Third parties may assert intellectual property claims relating to the holding and transfer of digital assets and their source code. Regardless of the merit of any intellectual property or other legal action, any threatened action that reduces confidence in some or all digital asset networks’ long-term viability or the ability of end-users to hold and transfer digital assets may adversely affect an investment in USBTC. Additionally, a meritorious intellectual property claim could prevent us and other end-users from accessing some or all digital asset networks or holding or transferring their digital assets. As a result, an intellectual property claim against us or other large digital asset network participants could adversely affect an investment in USBTC.

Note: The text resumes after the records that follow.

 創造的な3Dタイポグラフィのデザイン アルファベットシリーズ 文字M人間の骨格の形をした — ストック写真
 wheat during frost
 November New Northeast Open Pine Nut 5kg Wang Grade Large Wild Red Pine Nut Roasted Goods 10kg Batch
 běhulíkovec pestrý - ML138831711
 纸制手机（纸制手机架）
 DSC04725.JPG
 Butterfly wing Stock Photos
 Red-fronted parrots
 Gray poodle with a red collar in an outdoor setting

There is a risk of additional Bitcoin mining capacity from competing Bitcoin miners, which would increase the total network hashrate and decrease its effective market share.
The barriers to entry for new Bitcoin miners are relatively low, which can give rise to additional capacity from competing Bitcoin miners. The Bitcoin protocol responds to increasing total hashrate by increasing the “difficulty” of Bitcoin mining. If this “difficulty” increases at a significantly higher rate, USBTC would need to increase its hashrate at the same rate in order to maintain market share and generate equivalent block rewards. A decrease in USBTC’s effective network hashrate market share would result in a reduction in USBTC’s share of block rewards and transaction fees, which could materially adversely affect its financial performance and financial position.

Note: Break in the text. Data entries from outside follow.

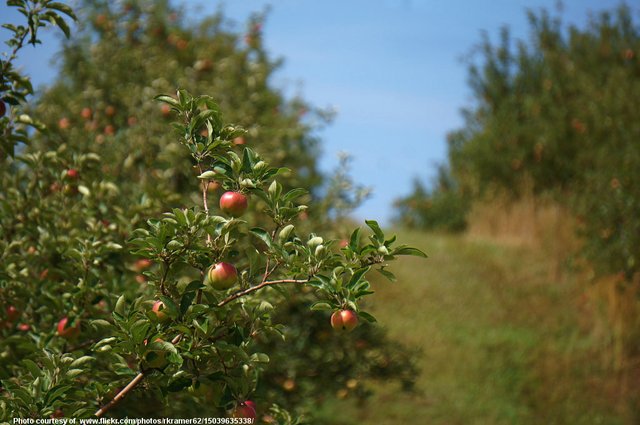 AutumnApples-0902718.jpg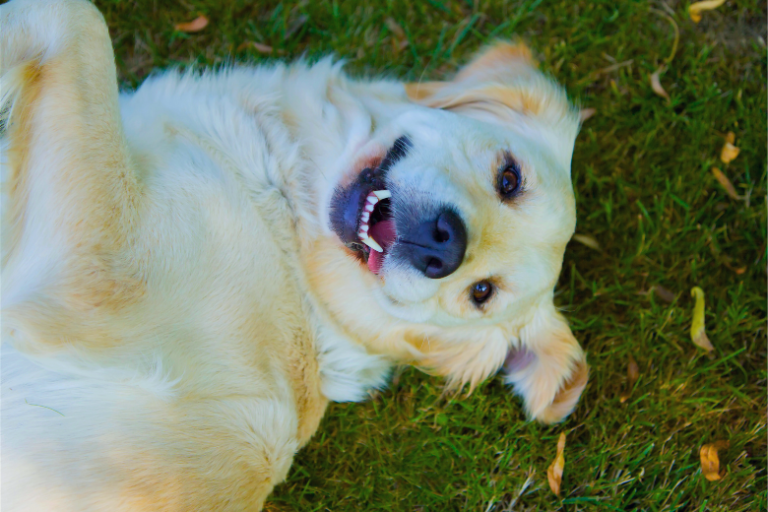 Cães Populares: O Que Os Torna Tão Especiais?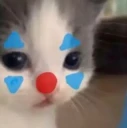 m_cat5
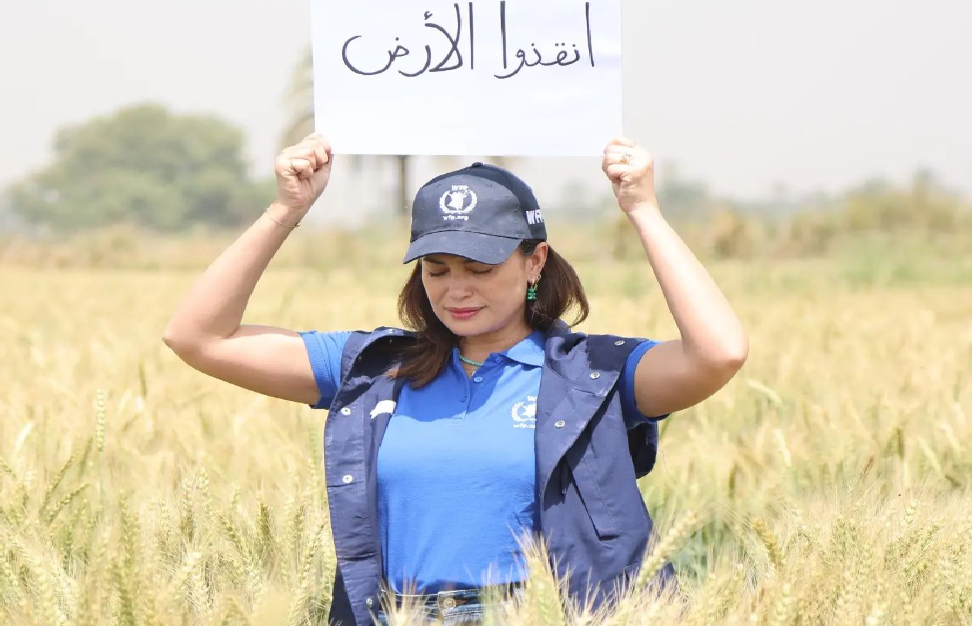 هند صبري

There is a lack of liquid markets in digital assets, and these markets are subject to possible manipulation.
Digital assets that are represented and trade on a ledger-based platform may not necessarily benefit from viable trading markets. Stock exchanges have rules and regulations regarding marketplace conduct, and monitor investors transacting on such platform for fraud and other improprieties.
These conditions may not necessarily be replicated on a distributed ledger platform, depending on the platform’s controls and other policies. The more lax a distributed ledger platform is about vetting issuers of digital assets or users that transact on the platform, the higher the potential risk for fraud or the manipulation of the ledger due to a control event. These factors may decrease liquidity or volume or may otherwise increase volatility of investment securities or other assets trading on a ledger-based system, which may adversely affect USBTC. Such circumstances could have a material adverse effect on USBTC’s ability to continue as a going concern or to pursue its strategy at all, which could have a material adverse effect on USBTC’s business, prospects or operations and potentially the value of any Bitcoin it mines or otherwise acquire or hold for its own account, and harm investors.

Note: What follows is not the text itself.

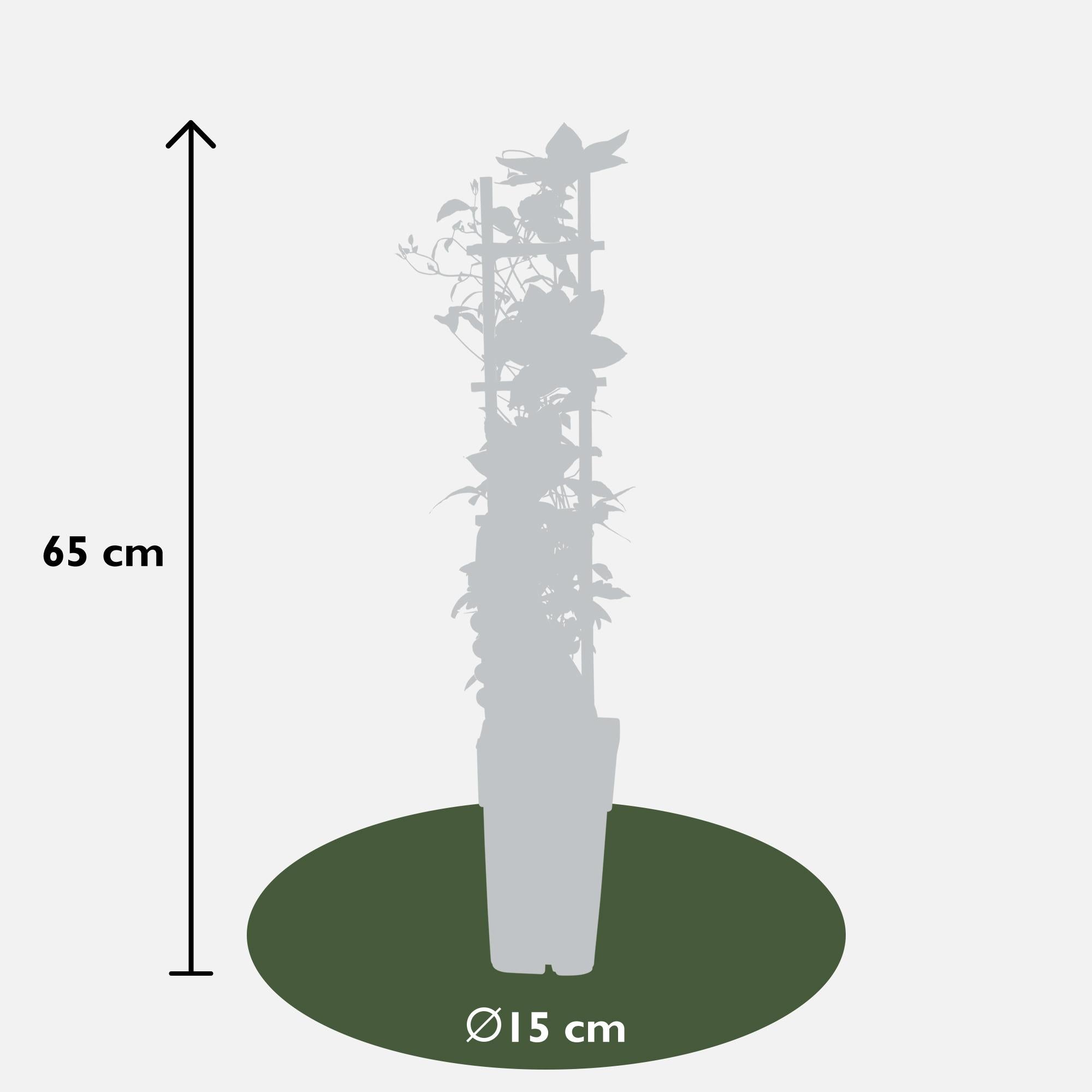 Clematis ‘Corinne’ – kompakte, weiß blühende Kletterpflanze, Ø15 cm, ↕65 cm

The Bitcoin exchanges on which Bitcoins trade are relatively new and, in most cases, largely unregulated and may therefore be more exposed to fraud and failure than established, regulated exchanges for other assets. In the event the Bitcoin exchanges representing a substantial portion of the volume in Bitcoin trading are involved in fraud or experience security failures or other operational issues, such Bitcoin exchanges’ failures may result in a reduction in the price of Bitcoin and can adversely affect an investment in USBTC.
Bitcoin exchanges on which the Bitcoins trade are new and, in most cases, largely unregulated. Furthermore, many Bitcoin exchanges (including several of the most prominent U.S. Dollar Denominated Bitcoin Exchanges) do not provide the public with significant information regarding their ownership structure, management teams, corporate practices or regulatory compliance. As a result, the marketplace may lose confidence in, or may experience problems relating to, Bitcoin exchanges, including prominent exchanges handling a significant portion of the volume of Bitcoin trading.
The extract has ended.